WEAR YOUR GLOVES!  This coxcomb is truly [turly???]
tough on your hands!)

("Don't spell like my brother!")

Now take the free line (the LEFT hand line) and half-hitch
over the first and to your RIGHT.  (Don't forget to "roll" the
line in your fingers to tighten up the lay!) then take the first
line and make another half-hitch to the left and then tighten the
livin' crapdoodle out of the hitching.  You want these and the
hitches to be as tight as possible and all about the same size.  
(It's important... really.)

Fair up back and sides as you go... when pulling this tight you
won't get that much of a chance to do corrections later.  

Keep on doing alternate-side hitching until you reach the SIXTH
from the apex... tighten everything up hard as you go!

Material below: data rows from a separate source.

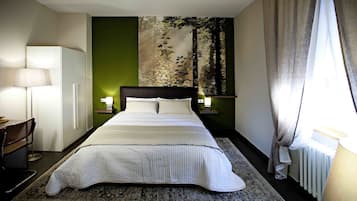 Habitación doble Deluxe | Edredón, camas con efecto memoria y caja de seguridad en la habitación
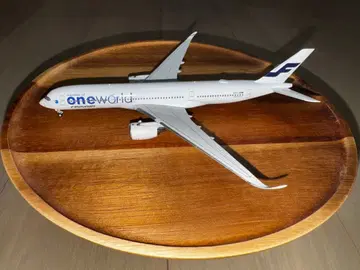 핀에어 원월드 도색 A350-900 1/400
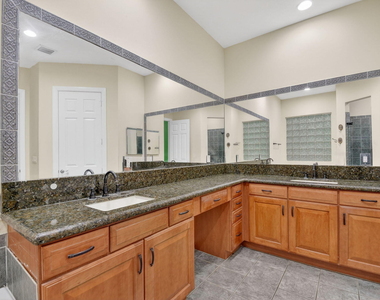 10247 Isle Wynd Court - Photo Thumbnail 43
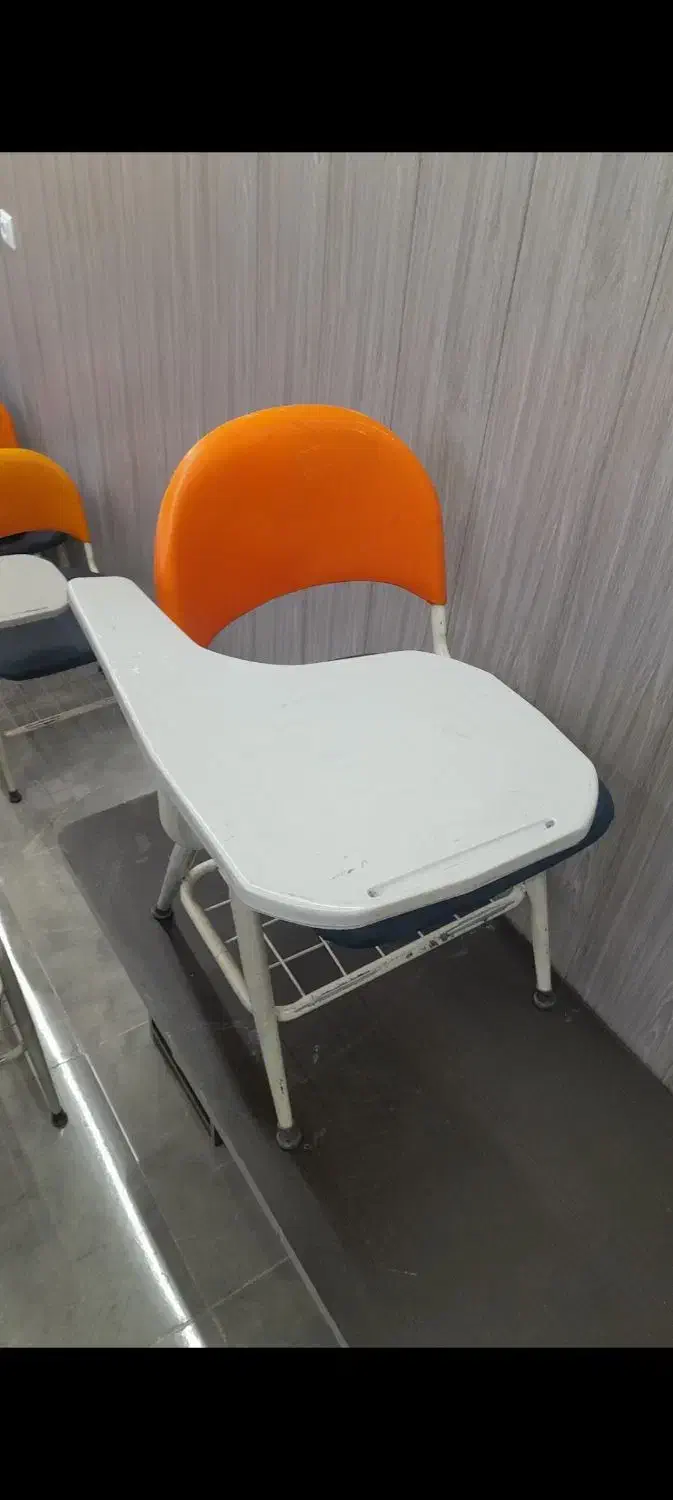 صندلی تکنفره دسته دار|صندلی و نیمکت|زنجان, |دیوار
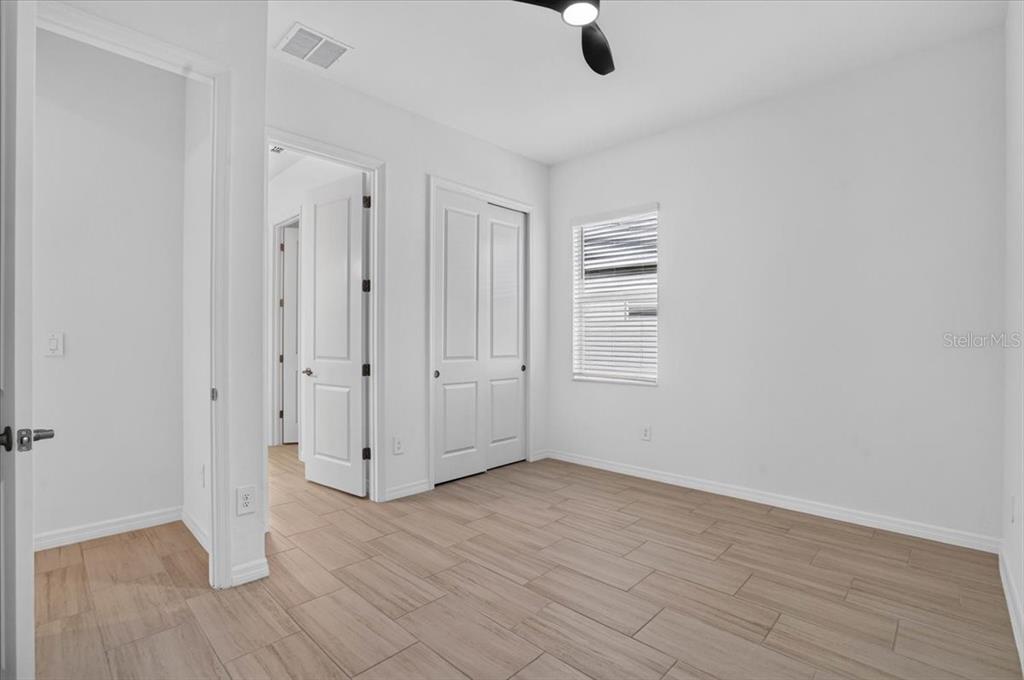 19219 Scallop Loop Lakewood Ranch, FL 34211 - Photo 17 of 27
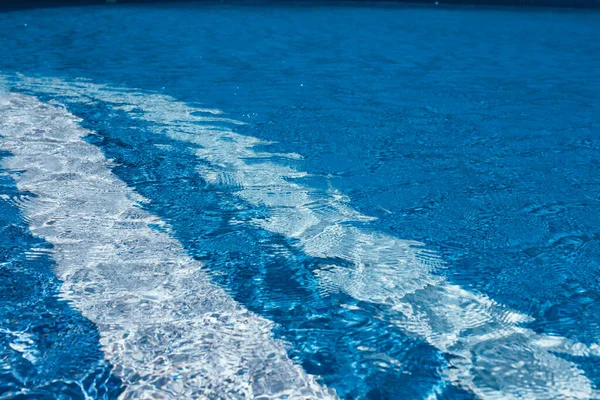 Кроки Басейну Блакитна Чиста Вода Відкритому Басейні Безпечний Спуск Басейну Ліцензійні Стокові Зображення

(Keep rolling that line between your fingers, but ONLY when
you're hitching to the right, or against the lay. )

Tricky part:   you should have SIX hitches on each side, including the
one forming the apex of the pyramid.  

Your SIXTH half-hitch on both sides is where you'll reverse directions,
and it needs to be as tight as the rest of them, just heading in
the opposite direction.

Continue doing alternate sides, rolling the line going RIGHT!

(Just showing you how it looks when you've reversed
and tightened up.)

Now you should be looking at something like this.  It will NOT be
a totally symmetrical "diamond" shape as you have a large body
being covered and using large line, but your edge points should
be a just about the sidelines and your crossing point should be
approximately at the centreline of the work.

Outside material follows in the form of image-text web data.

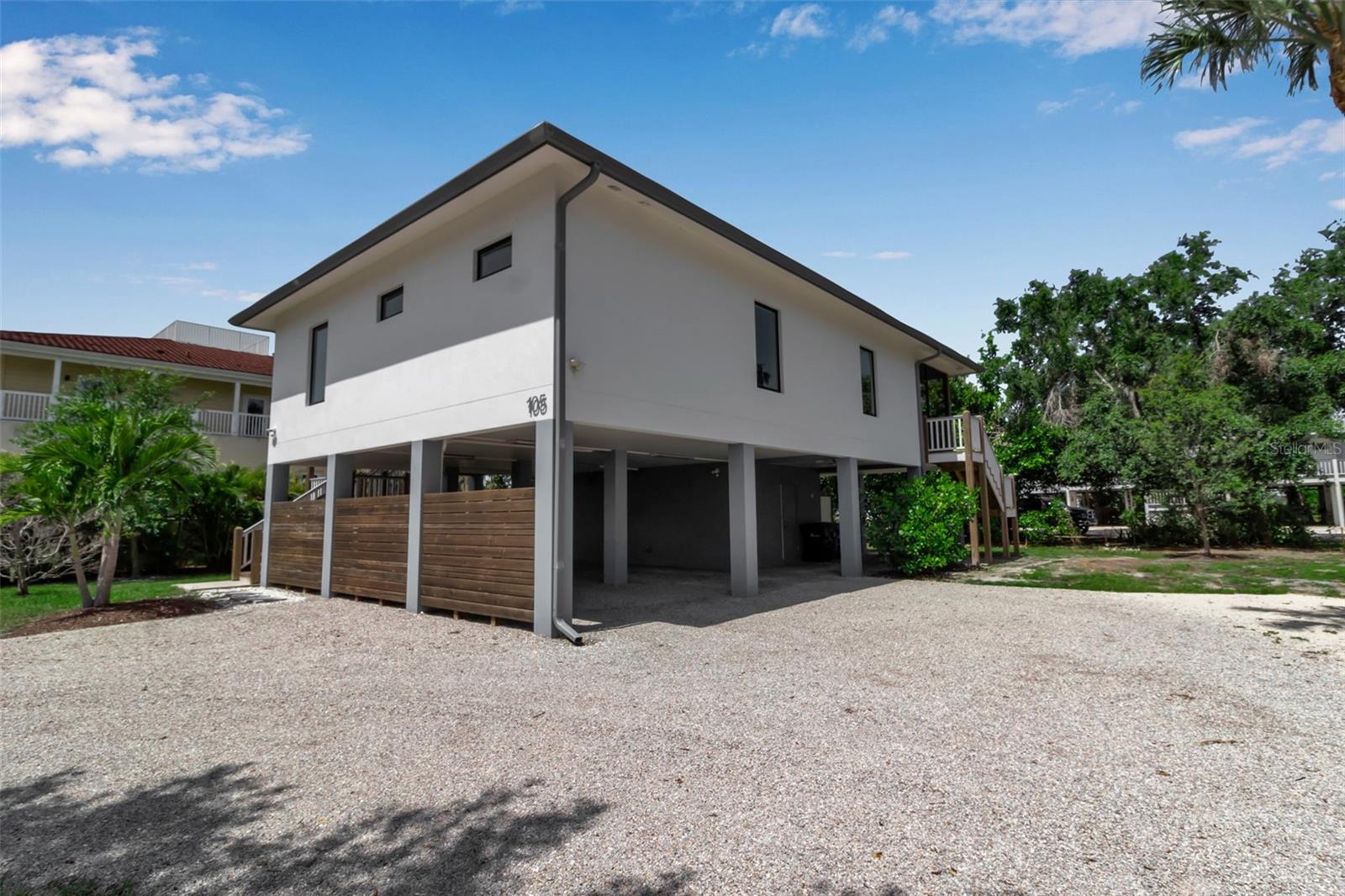 Image 28 of 94 For 105 Shore Road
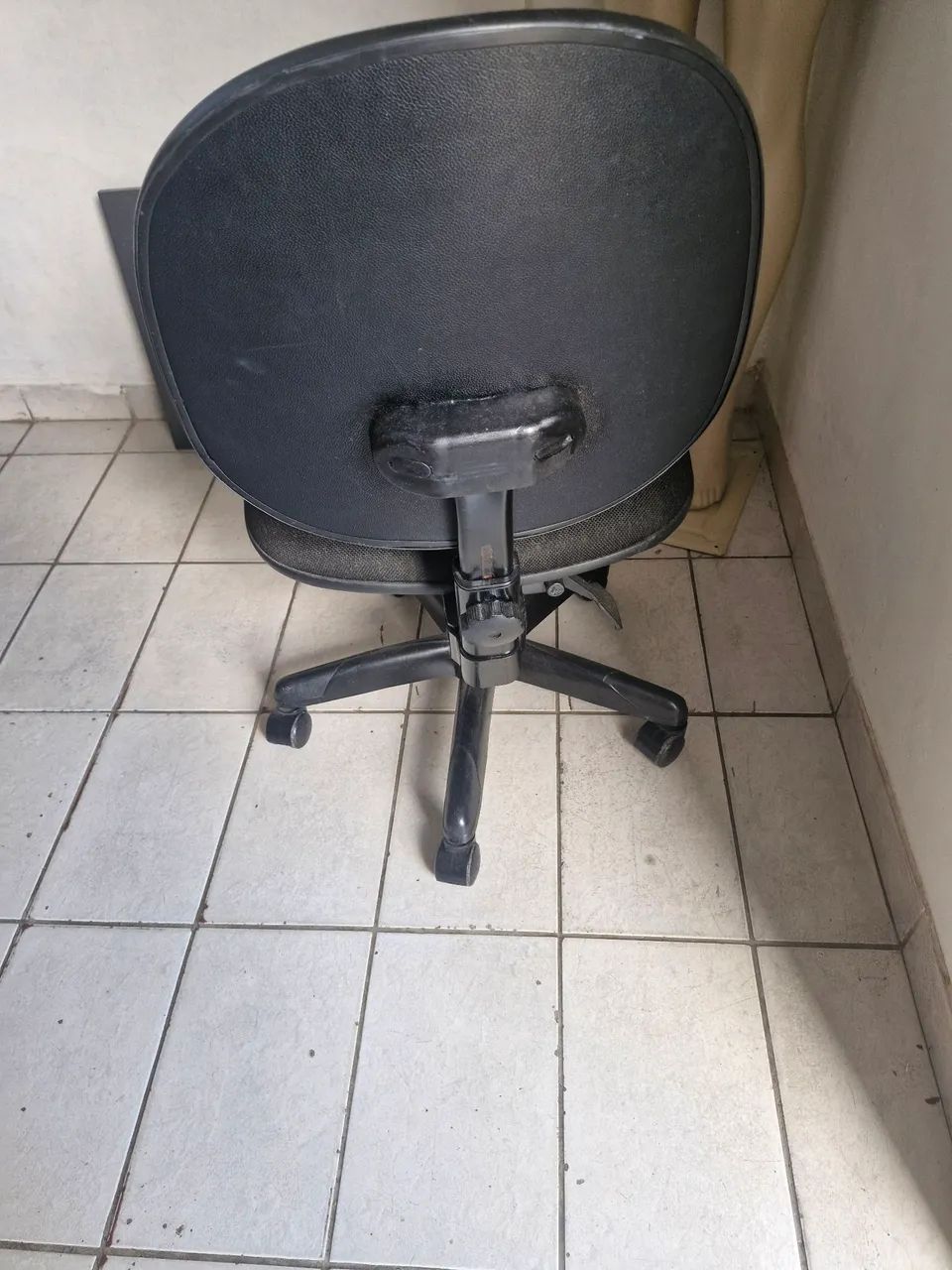  Cadeiras escritório  - Foto 2
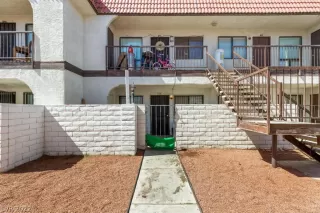 Photo #3: 2378520 Listing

Since our initial crossing was from LEFT to RIGHT, we'll do that
again, so half-hitch to the right and OVER the series heading in
the other direction and then just snug it down...

Now take the line you just crossed over, hitch to the LEFT and
then tighten them both down as much as possible.

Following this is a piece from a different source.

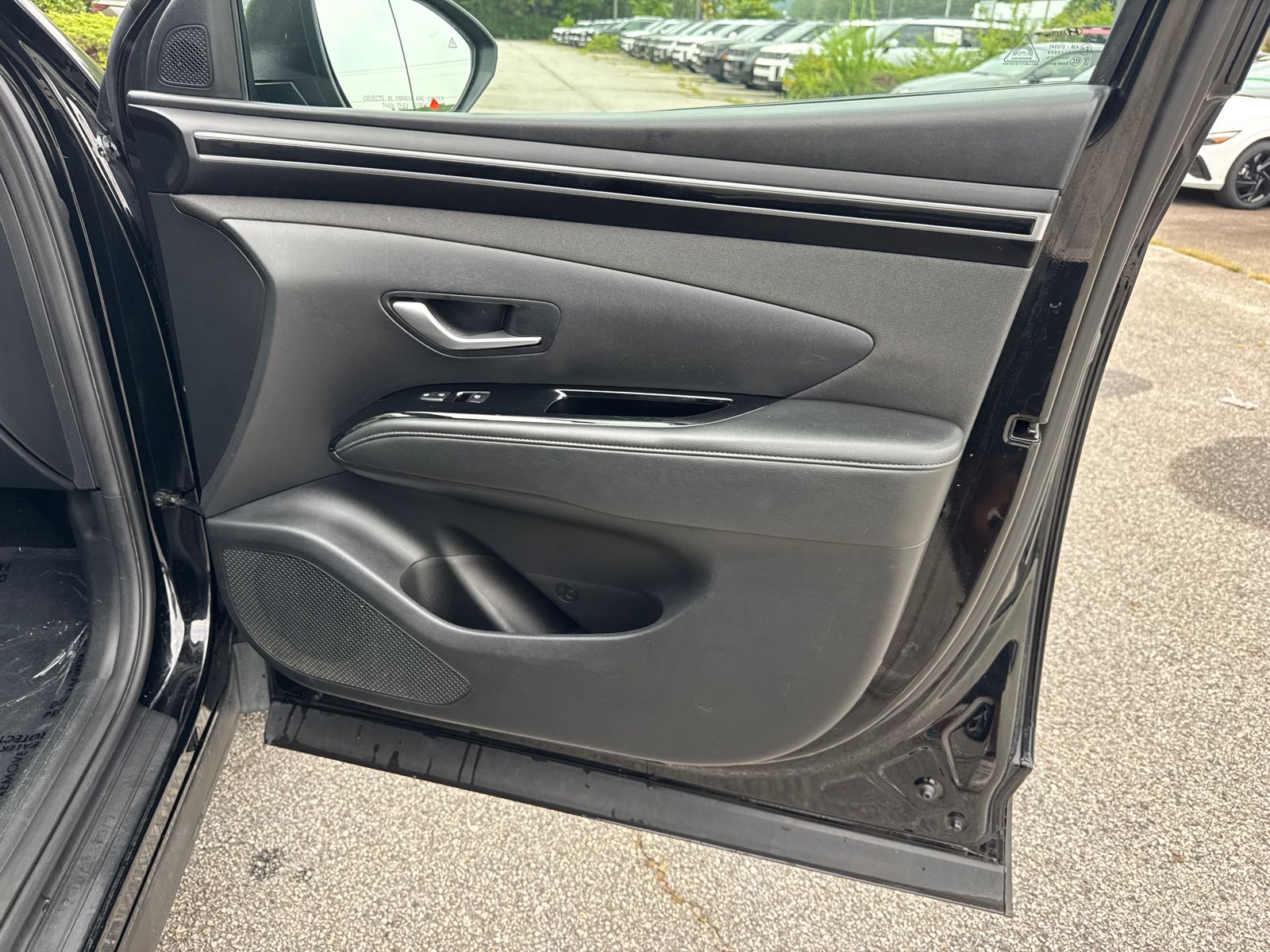 Used 2022 Black Hyundai Limited image 14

Consider this to be the first hitches in the next series and
once again do six hitches, make the reverses, com back to
center, cross and continue until you're finished.

(Sorry about the colour... never let a Boatswain's Mate loose around
anything more complex than a chipping hammer!)

As I'd said, using large line on a large pipe rail will tend to
exaggerate the slight skewing of the diamond pattern ...
not to worry: "It'll never be noticed from a galloping horse!"

The main worry points for this one are to keep your side points
in as lose to a straight line as possible and the apices of the
diamonds on the centre-line,

Tightening everything up as you go and fairing will also contribute
to the neatness of the job.

The diamonds ALWAYS go UP on the rail or the wheel's rim.  
They are there to improve your grip and that is best done when
the pattern faces up.

Some people will want to paint this instead of varnishing, but varnish is (IMO) a better treatment as it will not "fill in" the
projections of the hitching as much as paint will and will thus produce a more "grippable" job.

Last pic just shows the side points in a straight line...  Gives the
work a lot more visual impact!

NOTE:  To convert this to a
"full Moku" wrap, just
don't reverse at the side points.  
Continue each line around in a
"French" coxcomb,  hitching
alternating sides and you'll meet in the back, at "180

Do the  crossover as described and continue
in the same direction and your next crossover
will be in the front again at "0 degrees"...

Keep it straight!

If you have comments, suggestions, questions or want to do a tutorial for the site, please EMAIL ME and  let me know!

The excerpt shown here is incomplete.